▸ **WORK REQUIRED**: Return exactly the lines that run from the one with "индика Медногорск" to the last line of the entries below, both included, and nothing else.

▸ **SUPPLIED DATA**:
*** Block opens ***

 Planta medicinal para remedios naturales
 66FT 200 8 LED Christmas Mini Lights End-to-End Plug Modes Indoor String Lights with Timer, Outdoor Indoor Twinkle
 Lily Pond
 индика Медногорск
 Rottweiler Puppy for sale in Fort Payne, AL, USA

*** Block closes ***

▸ **TASK SOLUTION**:
 индика Медногорск
 Rottweiler Puppy for sale in Fort Payne, AL, USA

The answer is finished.